In order to get the room keys, we’ll have to register in the lobby of the Colorado Belle. We drive over. From far away, the Belle has some novelty value: I can appreciate that there is a hotel shaped like a Mississippi riverboat. But, up close, it’s another matter. I see that some of the neon bulbs making up the “wheel spoke” are dead. The place is forlorn. I’m reminded of Death in Venice, that Thomas Mann novella. The aging main character, Aschenbach, falls in love/lust with a young boy. In order to attract the boy’s attention, he dyes his hair and puts on makeup, but everyone can see the wrinkles and white hair, how hard he’s trying.

In the car, I turn to Chris. “I have to sleep in this thing? What if it gives me weird dreams?”

“They’ve got your credit card number,” Chris says. “So, yeah.”

I walk into the lobby, awash in cigarette smoke and the jittery click-and-clang of slot machines. In typical casino style, it’s unclear where the hotel front desk is. I pause for a moment to gather my bearings.
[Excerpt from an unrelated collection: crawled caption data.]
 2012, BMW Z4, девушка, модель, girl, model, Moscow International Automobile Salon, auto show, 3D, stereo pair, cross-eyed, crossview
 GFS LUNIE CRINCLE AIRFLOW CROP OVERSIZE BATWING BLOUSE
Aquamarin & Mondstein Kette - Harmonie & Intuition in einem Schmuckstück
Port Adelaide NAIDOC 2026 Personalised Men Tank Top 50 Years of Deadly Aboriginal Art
There’s man who’s sitting in front of the “Phantom of the Opera” slot machine. He’s drinking whiskey on the rocks and pulling the lever, over and over. A cherry! A horseshoe! A four-leaf clover! I spot the small sign: “Hotel Check-In” and follow the blinking, bedazzled arrow.

The hotel clerk smiles like she’s underwater, too much pressure bearing down for her muscles to form a true smile. Her name’s Sharon.
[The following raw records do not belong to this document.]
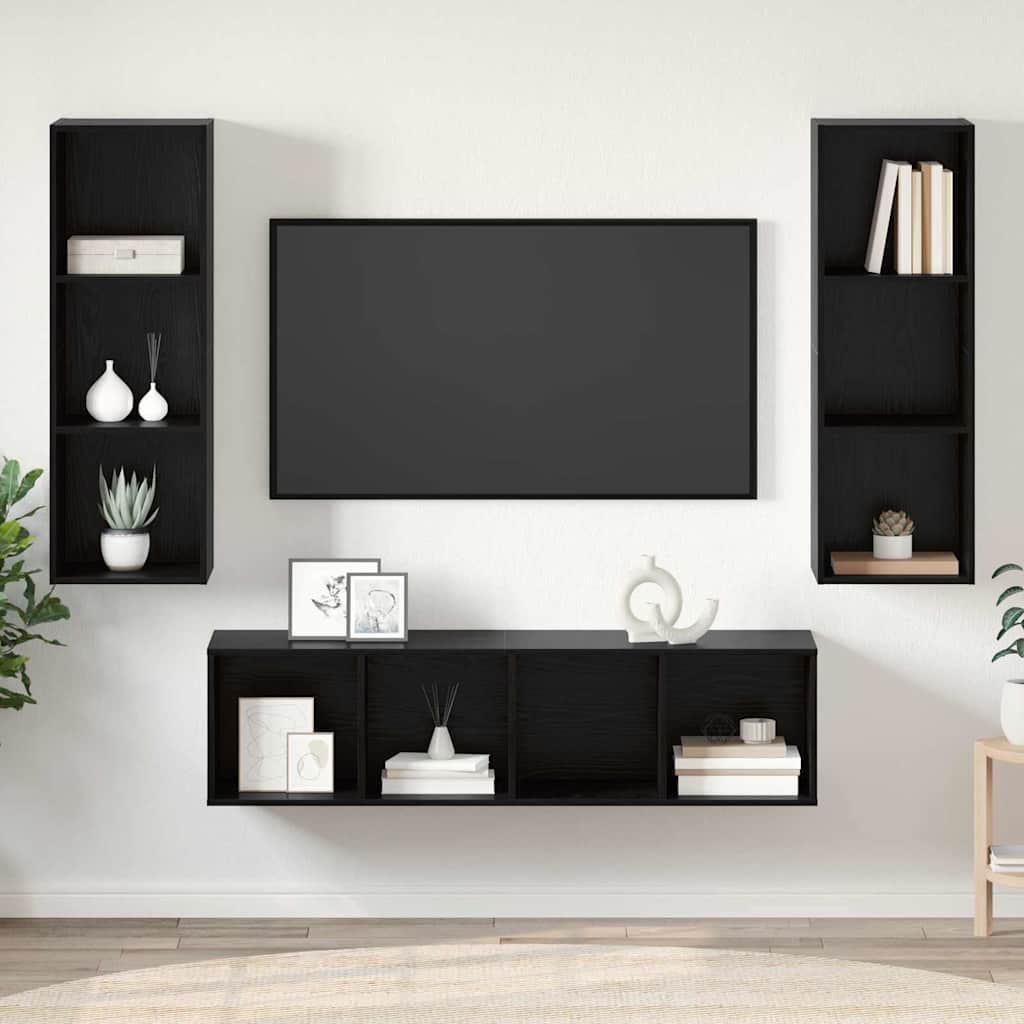 3 Piece TV Cabinet Set Engineered Wood Black oak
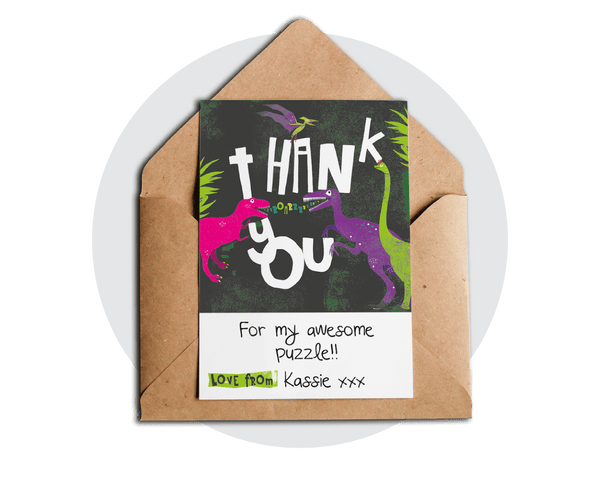 Printable Pink Dinosaur Thank You Card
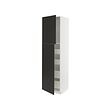 METOD/MAXIMERA - Hi cab w 2 doors/4 drawers, white/Nickebo matt anthracite, 60x60x220 cm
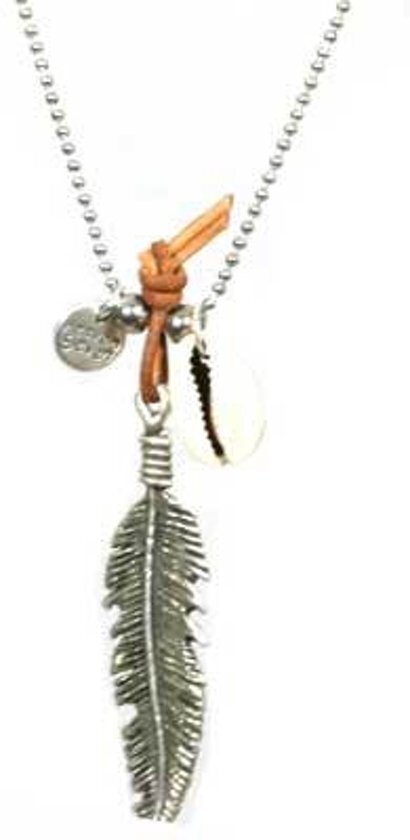 Heaven Eleven - dames ketting - edelstaal ballchain met zilveren veer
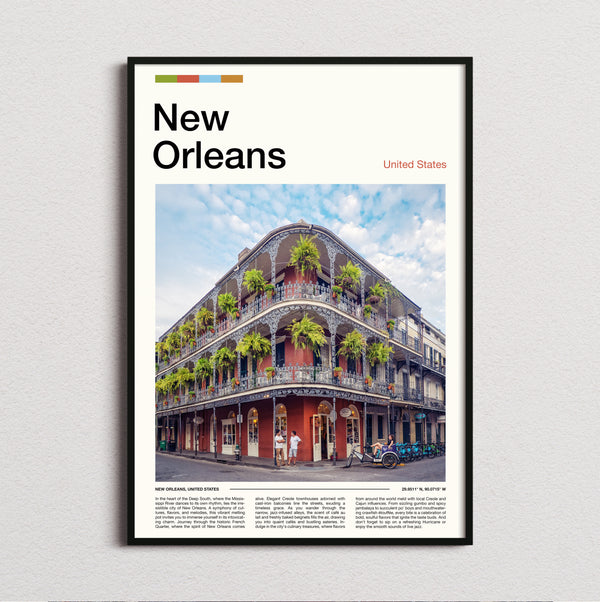 New Orleans - Wrought Iron Balconies - Travel Print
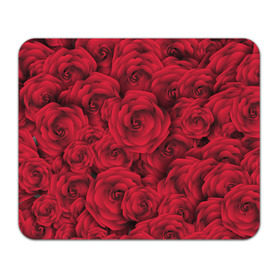 Коврик прямоугольный с принтом Красные розы в Курске, натуральный каучук | размер 230 х 185 мм; запечатка лицевой стороны | Тематика изображения на принте: любовь | мозаика | розы | сердце | узор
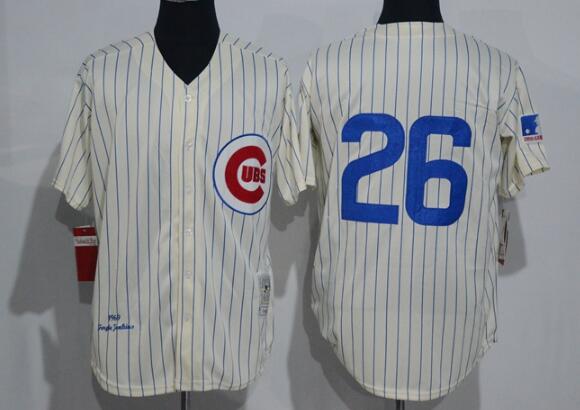 Men's Chicago Cubs #26 Billy Williams 1969 Cream Stitched MLB Throwback Jersey By Mitchell & Ness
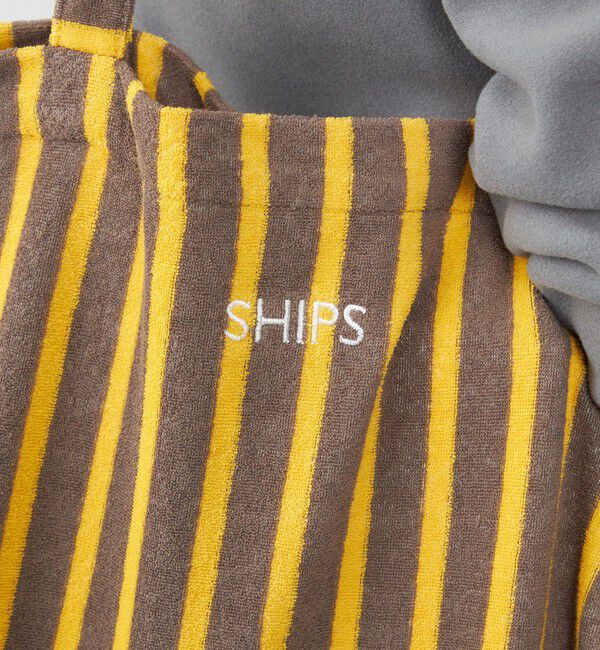 SHIPS「【WEB限定】SHIPS: パイル ストライプ SHIPSロゴ エンブロイダリー トート バッグ」|トートバッグ|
By the time we make it to our room (New Orleans-themed: red lampshades with dim bulbs, paintings of riverboats), it’s only 7:30 in the evening, but I’m exhausted. So’s Chris. The casinos don’t bother him, but he’s worried about the Global Warmer. So am I, vaguely. If the thing doesn’t start in the morning that means we’re stuck here. I take a hot shower, then fall in a bed that surpasses expectations. Silky white sheets, perfectly stuffed pillows. How is such a thing possible inside the Colorado Belle? By 7:50, I’m asleep.

When we leave in the morning, the Belle’s lights are still blazing, but it’s dwarfed by the big desert sun that’s quickly angling its way high. Dwarfed by Spirit Mountain pink and beige in the early light and by the blue of sky, the hazy, see-through clouds. The car starts. We pump gas across the street, check the oil, decide we need more oil, and buy a yellow container of the stuff. Chris pours it into the car’s great belly. I chew on a pastry left over from yesterday’s breakfast. By 8 am, we’re gone.